House of Representatives
- In office 2015–2023
- Preceded by: Razaq Bello-Osagie
- Succeeded by: Esosa Iyawe
- Constituency: Oredo

Personal details
- Born: 16 April 1974 (age 52)

= Omoregie Ogbeide-Ihama =

Nigerian politician

Omoregie Ogbeide-Ihama is a Nigerian politician and engineer who served as a member of the Nigerian House of Representatives, representing Oredo Federal Constituency from 2015 to 2023.

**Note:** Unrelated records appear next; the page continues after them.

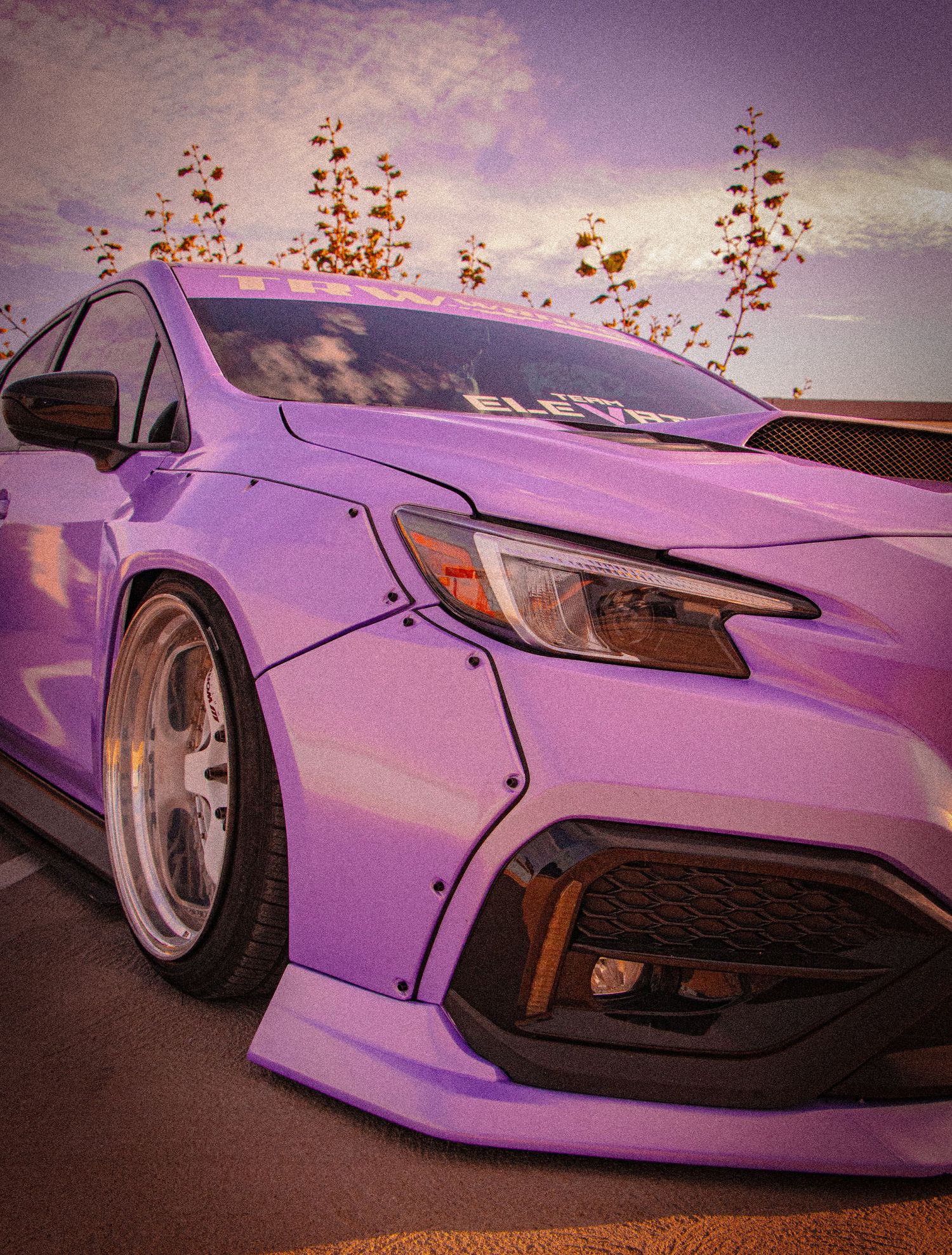 Purple widebody modified Honda Civic with aggressive body kit, deep dish wheels, and lowered stance at a car show.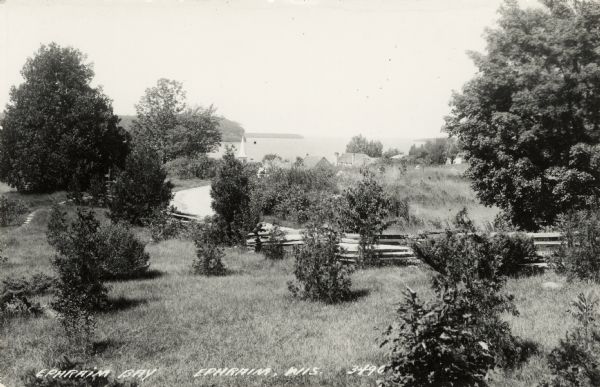 Photographic postcard view of Ephraim and bay from a grassy lot with trees, shrubs and a fence. Caption reads: "Ephraim Bay, Ephraim, Wis."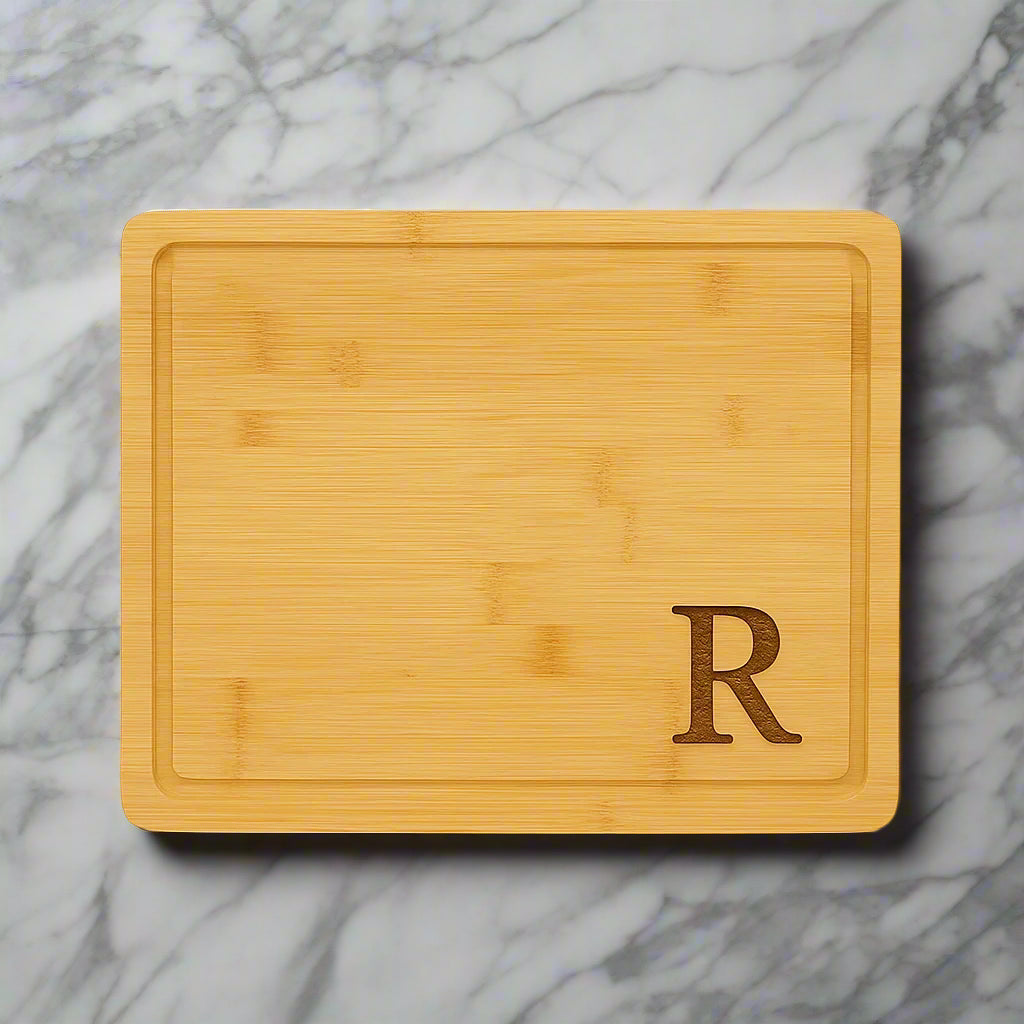 13 3/4 x 11 inch bamboo cutting board with drip ring, laser engraved with a monogram by Carve & Burn in Miami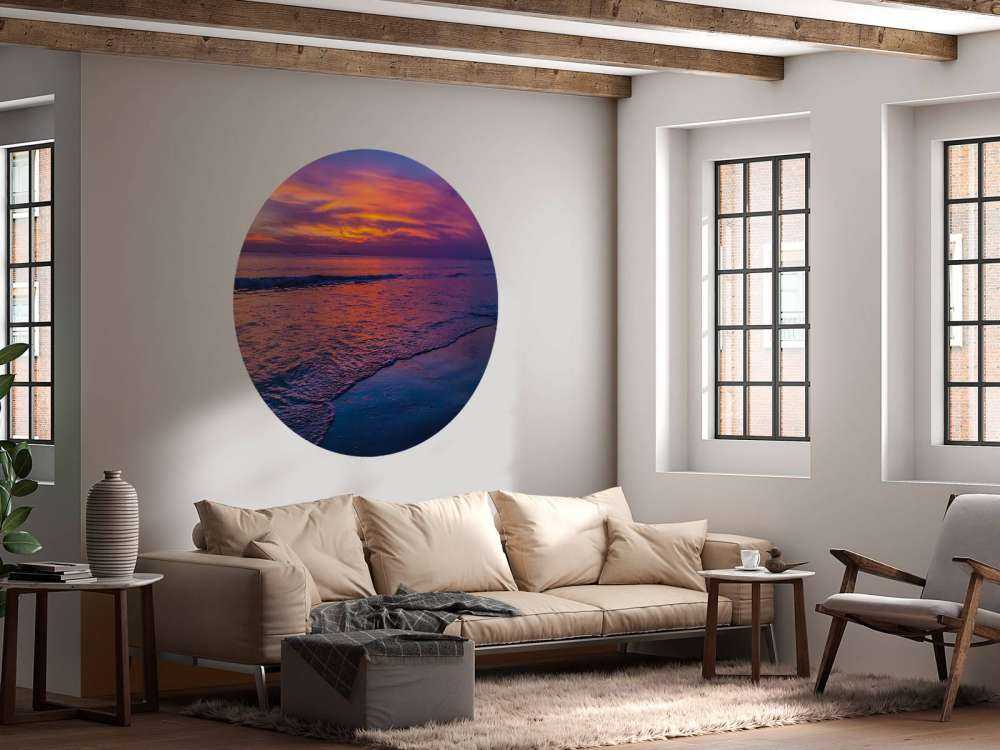 Paarse zonsondergang op het strand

== Early life and education ==
Ogbeide-Ihama started his education at Emotan nursery and primary schools in Benin City, Edo State. He then enrolled in the Unity School, Federal Government College Warri, where he graduated in 1993 with a senior school diploma. He continued on to the University of Benin, where he studied and earned a Bachelor's Degree in Civil Engineering in 1999 with Second Class Honors (Upper Division). He graduated in 2009 with an MBA in Oil and Gas Management from Robert Gordon University in Aberdeen, Scotland.

== Career ==
In 2015, Ogbeide-Ihama was elected to represent Oredo Federal Constituency in the Federal House of Representatives on the People's Democratic Party (PDP) platform. In 2019, he was re-elected member of House of Representatives till 2023.

In 2022, he won the senatorial ticket for Edo South Federal Constituency.

Ogbeide-Ihama entered the 2024 Edo State gubernatorial race but withdrew his candidacy on 12 February 2024.